## Problem to work on
From the records below, output exactly the lines running from the line containing "Canon 60D vs Nikon D80 size comparison" through the line containing "FILE - In this", and no others.

## Exercise material

════════════════

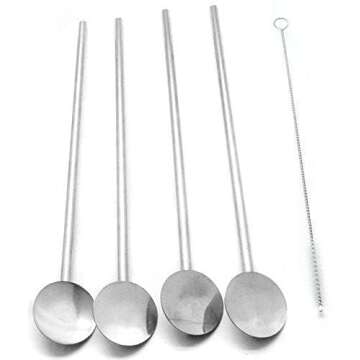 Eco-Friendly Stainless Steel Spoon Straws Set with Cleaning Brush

════════════════

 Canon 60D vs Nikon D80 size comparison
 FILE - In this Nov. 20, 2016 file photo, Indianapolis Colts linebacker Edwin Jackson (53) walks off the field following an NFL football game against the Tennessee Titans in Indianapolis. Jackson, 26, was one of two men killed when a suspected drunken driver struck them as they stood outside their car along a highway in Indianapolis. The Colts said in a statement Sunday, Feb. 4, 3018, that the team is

════════════════

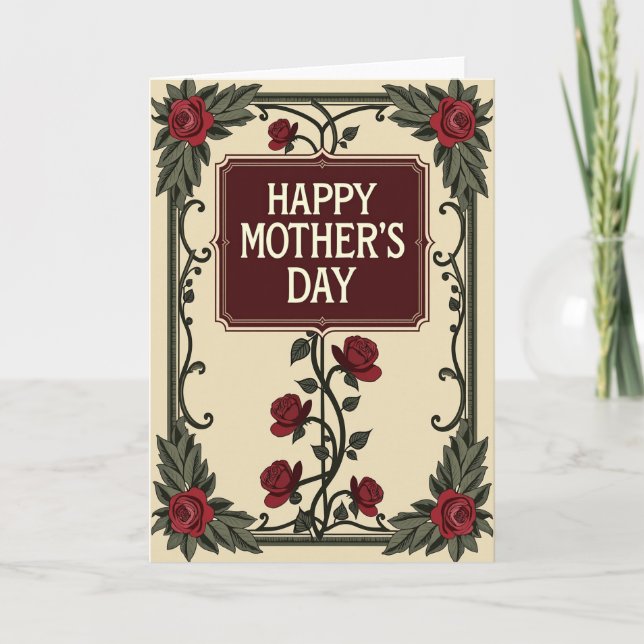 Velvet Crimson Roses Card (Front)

════════════════

## Answer to this task
 Canon 60D vs Nikon D80 size comparison
 FILE - In this Nov. 20, 2016 file photo, Indianapolis Colts linebacker Edwin Jackson (53) walks off the field following an NFL football game against the Tennessee Titans in Indianapolis. Jackson, 26, was one of two men killed when a suspected drunken driver struck them as they stood outside their car along a highway in Indianapolis. The Colts said in a statement Sunday, Feb. 4, 3018, that the team is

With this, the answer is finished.